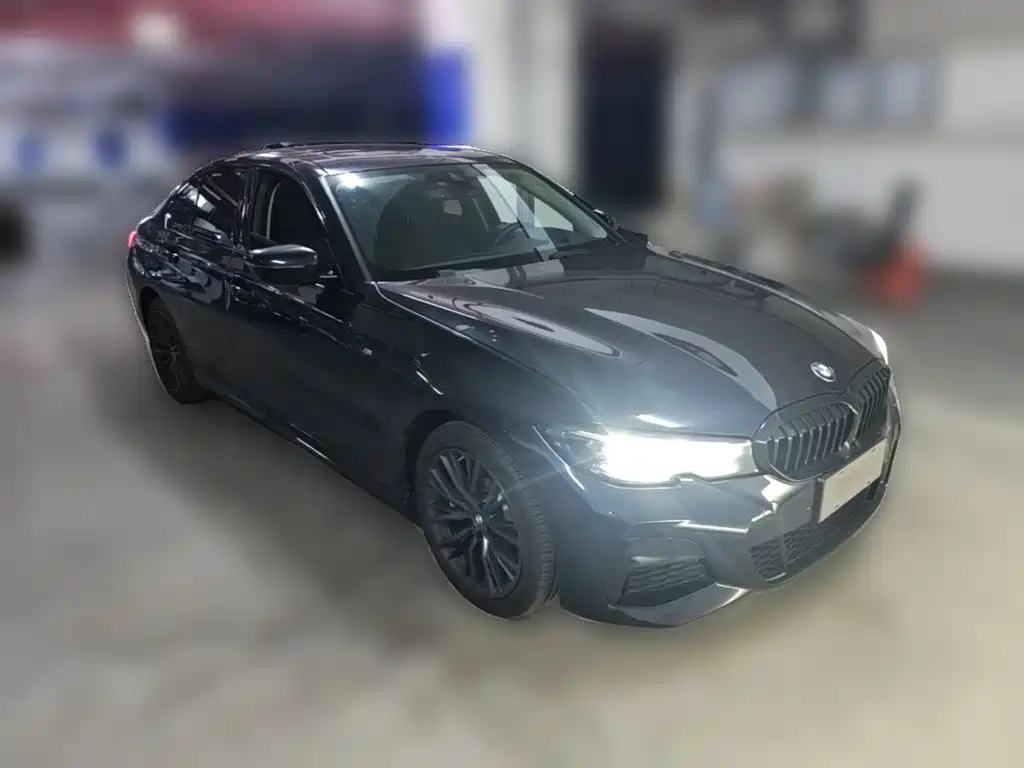 BMW 3 Series — миниатюра 7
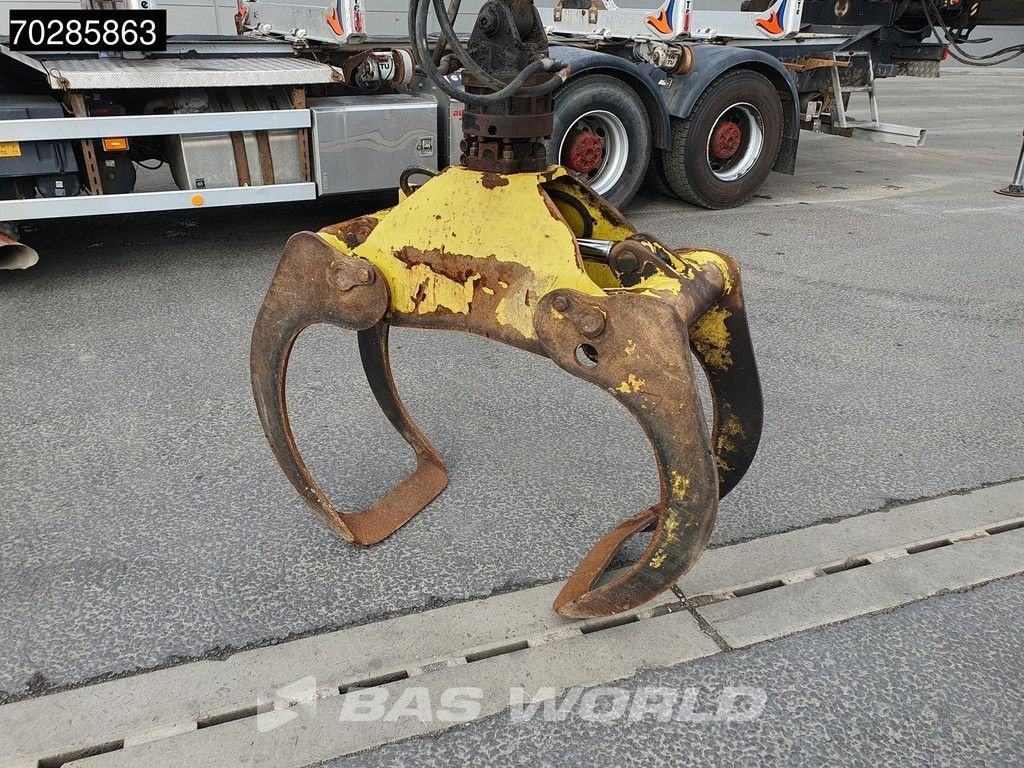 LKW typu Scania R730 R 6X4 HIAB F108S 79 Crane Retarder Xenon BigAxle Loglift Au, Gebrauchtmaschine v Veghel (Obrázek 11)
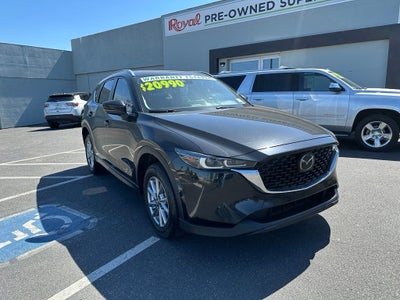 2022 Mazda Mazda CX-5 2.5 S Preferred Package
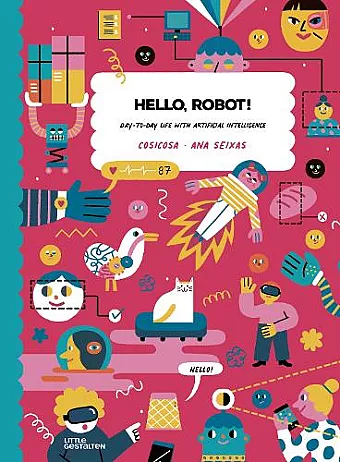 Hello, Robot! cover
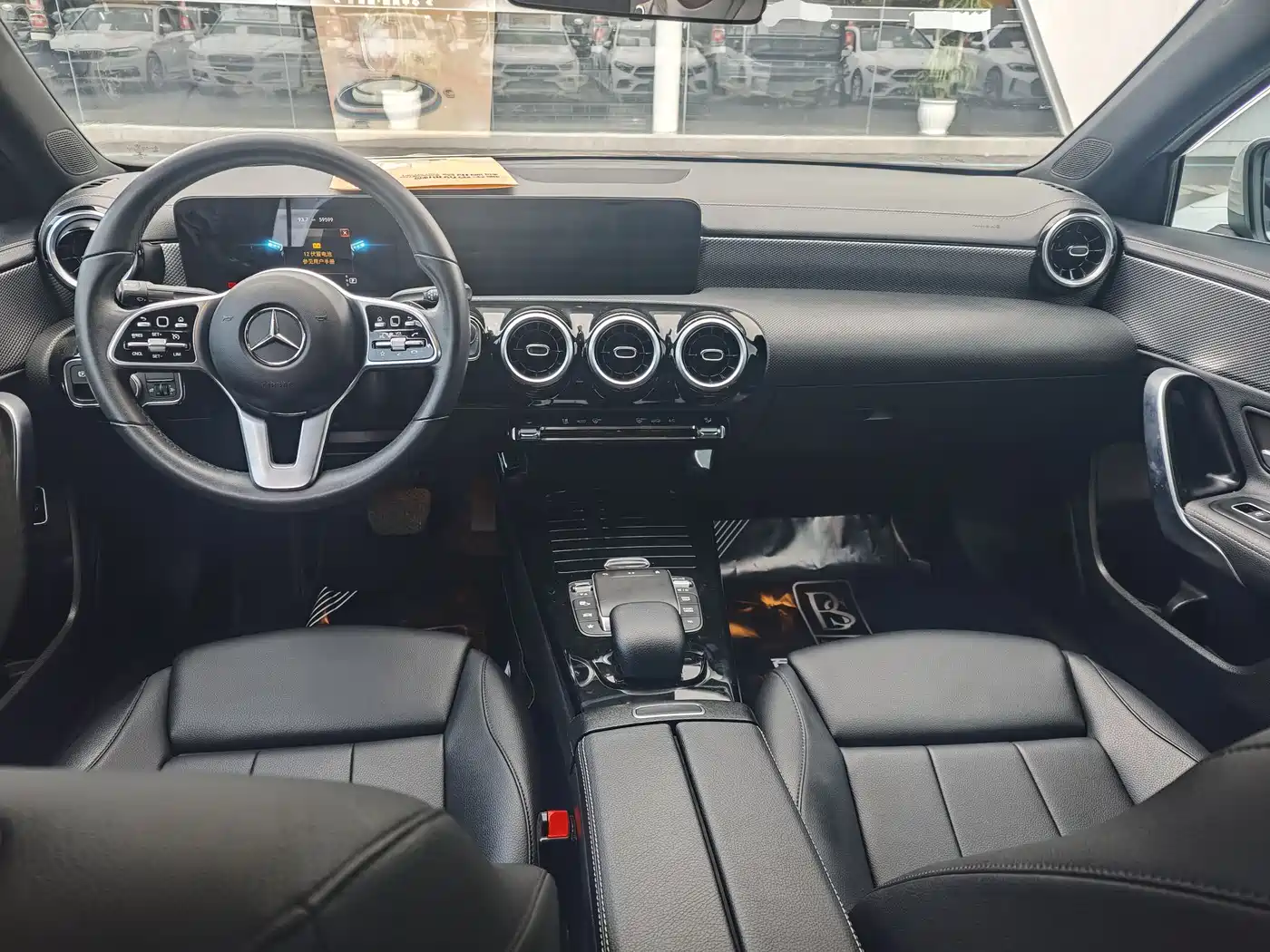 Mercedes-Benz A-Class 2021 A 180 L фото 5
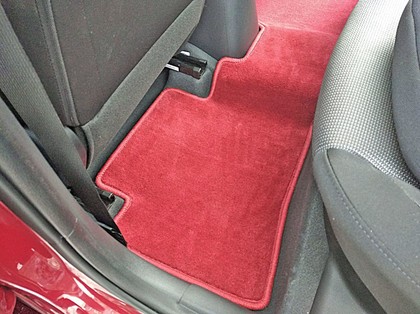 Ворсовые коврики на Hyundai Solaris II 2017&nbsp;-&nbsp;2026 в Улан-Удэ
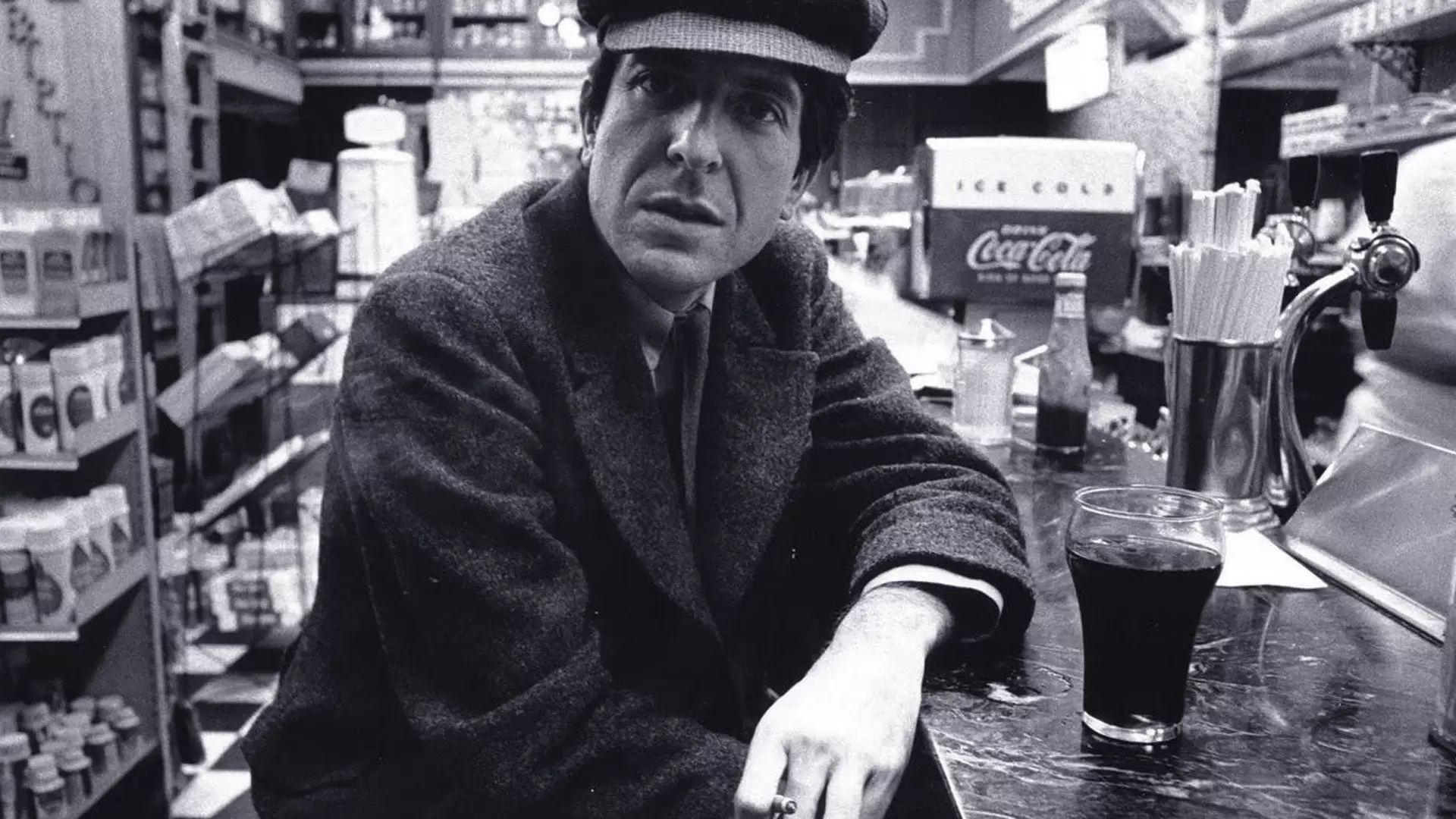 دانلود مستند Leonard Cohen: I’m Your Man 2005
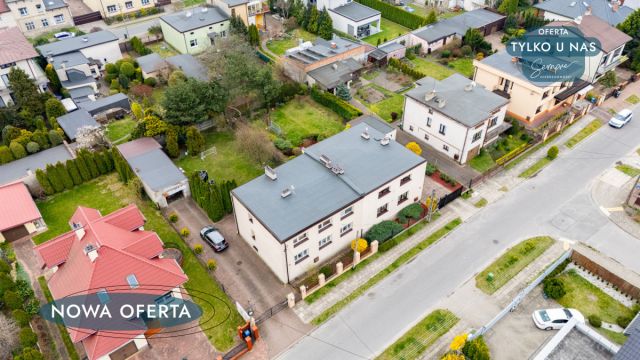 bliźniak, 6 pokoi Łódź Rokicie, ul. Burtowa. Zdjęcie 13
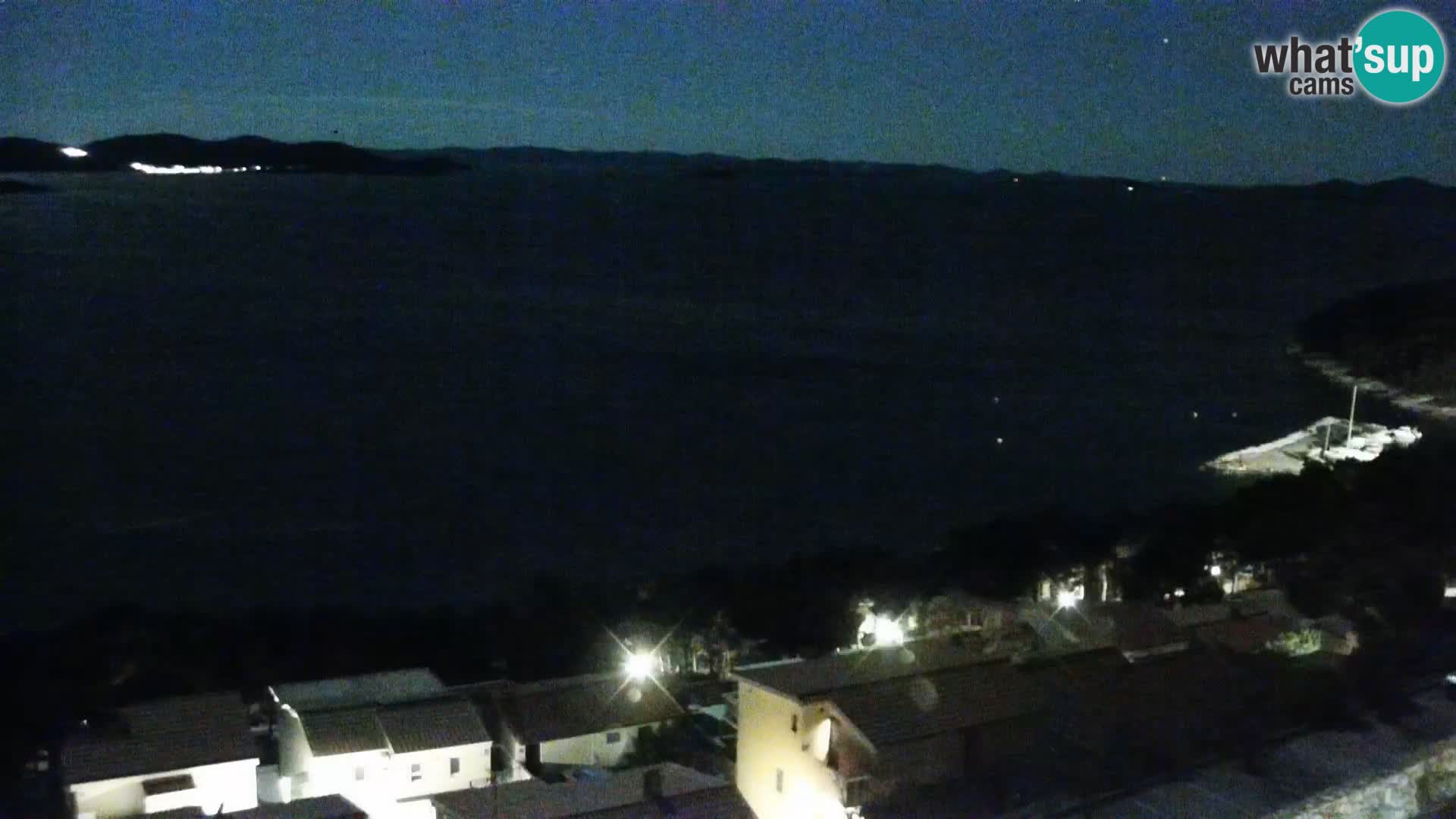 Webcam Drage – panorama view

- - - - -

## Work to be completed
Write out word for word the lines above that run from the one with "LKW typu Scania" to the one with "Mercedes-Benz A-Class 2021 A 180 L фото 5". Include both end lines; exclude the images.

## Task solution
 LKW typu Scania R730 R 6X4 HIAB F108S 79 Crane Retarder Xenon BigAxle Loglift Au, Gebrauchtmaschine v Veghel (Obrázek 11)
 2022 Mazda Mazda CX-5 2.5 S Preferred Package
 Hello, Robot! cover
 Mercedes-Benz A-Class 2021 A 180 L фото 5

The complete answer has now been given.